Intentaba pensar en historias como las de su hermana Jacinta, que eran siempre
muy fantásticas, pero no tenía el ingenio necesario para ello. Por las noches la
creatividad tampoco respondía a sus llamadas. No recuerda haber soñado nunca
nada. La gente se escandaliza cuando le oye decir eso. “Seguro que sueñas algo,
pero no te acordarás, como nos pasa a casi todos”. Ojalá, piensa ella. No sólo
no sueña, sino que le cuesta una barbaridad pensar sobre qué soñaría en caso de
que pudiera soñar. La realidad cubre con un manto opaco su vida entera, no hay nada
más allá de sus confines. Su vida está trenzada únicamente de hechos, hechos y
hechos, es decir, de presente y de mucho pasado.
Se acuerda de todo. Tiene una memoria portentosa
que lleva ejercitando desde que era una niña. No sabe por qué empezó, pero
desde que tiene cinco años se ha esforzado por esculpir en su memoria cada
fecha importante para su familia. Cada mañana, lo primero que hace al despertarse
es erguirse y recitar sobre su cama las efemérides del día en cuestión. 10 de marzo.

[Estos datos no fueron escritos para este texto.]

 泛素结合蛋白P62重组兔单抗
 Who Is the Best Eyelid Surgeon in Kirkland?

Nacimiento del tatatatarabuelo Marcelino, el Leches. Vuelta a casa de Ramiro,
el tío abuelo, después de que le hubieran dado por muerto durante cinco años. Muerte
de Sancho, el burro predilecto de papá. Caída del primer diente de leche de su
sobrina Raimunda. Aniversario de boda del hijo de Margarita.

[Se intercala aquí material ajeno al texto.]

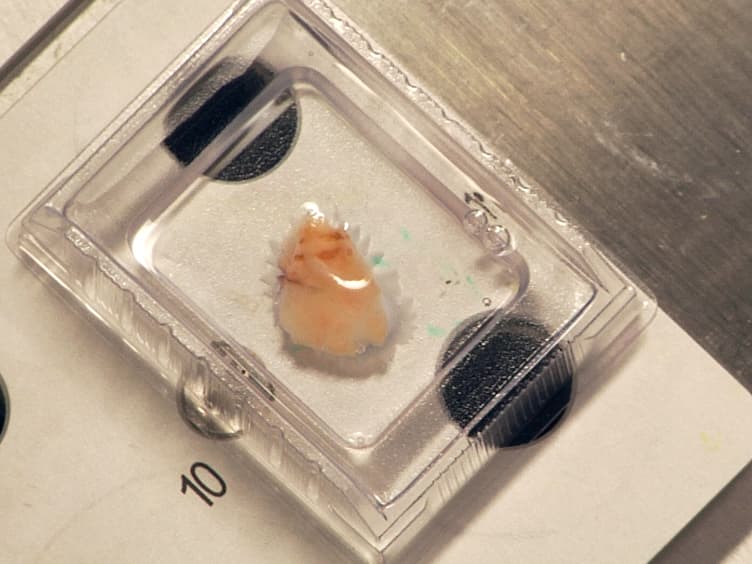 Laser-capture Microdissection of Human Prostatic Epithelium for RNA Analysis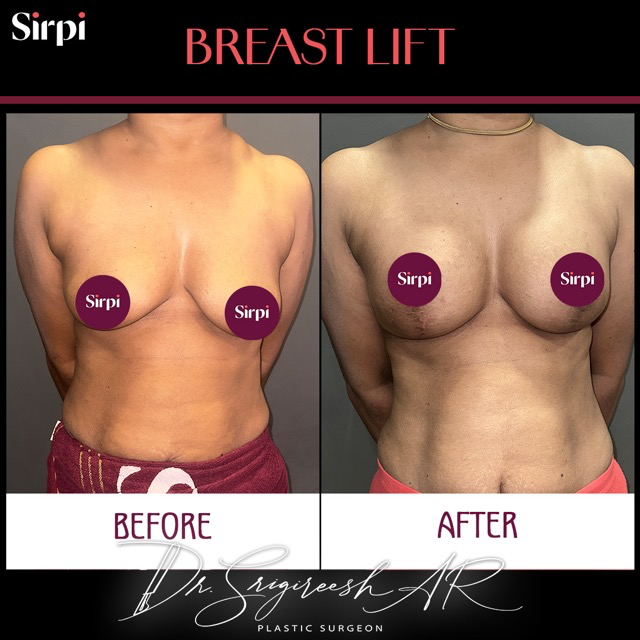 Breast Surgery before and after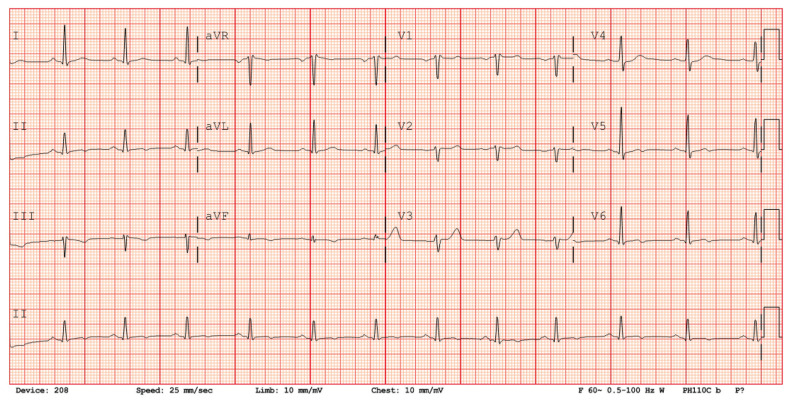 Figure 1:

El ritual se va alargando conforme pasan los años,
ya que aumenta el número de personas a las que tiene que hacer hueco en el
desván de su memoria. Según su sobrina, puede llegar a pasarse hasta hora y
media encima del colchón escupiendo hechos como una escopeta de ferias. Hasta los 29
de febrero, fecha desangelada donde las haya, puede dedicar más de media hora a
recordar hitos familiares. Dolores, a pesar de entregarse con tesón a su
ejercicio memorístico, se odia precisamente por ser incapaz de fabular historias
que le permitan transportarse a un mundo algo más luminoso y menos monótono del
que es o ya fue. Tiene empacho de presente y, sobre todo, de pasado.

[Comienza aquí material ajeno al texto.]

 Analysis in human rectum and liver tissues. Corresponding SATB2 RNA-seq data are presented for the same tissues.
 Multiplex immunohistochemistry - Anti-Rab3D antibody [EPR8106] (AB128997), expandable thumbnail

Lleva toda su vida pensando en su funeral. Cuando
era pequeña y estaba triste y deprimida, sin ganas de hacer nada, se consolaba
pensando en él. La Iglesia estaba abarrotada. Sus familiares acudían de
todas partes del país. No faltaba ni uno. Hasta la abuela Bernarda, que fue
siempre arisca, tirante y muy, muy bruta, gemía de dolor y se desinflaba de
tanta lágrima que vertía sobre su pañuelo de tela. El pañuelo con el que luego fue
enterrada. Sus amigas también lloraban desconsoladamente. Incluso las que a
veces le hacían rabiar y le pinchaban en el patio del colegio. No faltaba el chico de turno de quien estuviera enamorada. El Soplidos. Juan. El
Lechuga. Todos habían ocupado un banco en la Iglesia el día de su funeral. Eran
siempre los más devastados. Aparecían, además, arrepentidos. Con
las manos juntas colocadas entre las piernas y la cabeza gacha. Eran
conscientes de que ya no podrían sincerarse nunca con Dolores y confesarle cuánto
la amaban.
Con el paso de los años, Dolores va actualizando los
asistentes de su funeral, que todavía no ha sucedido y que, por lo tanto, es
figurado. Pertenece al universo de lo no real. Bien pensado, se dice, es la primera obra, y seguramente la única, fruto de su imaginación.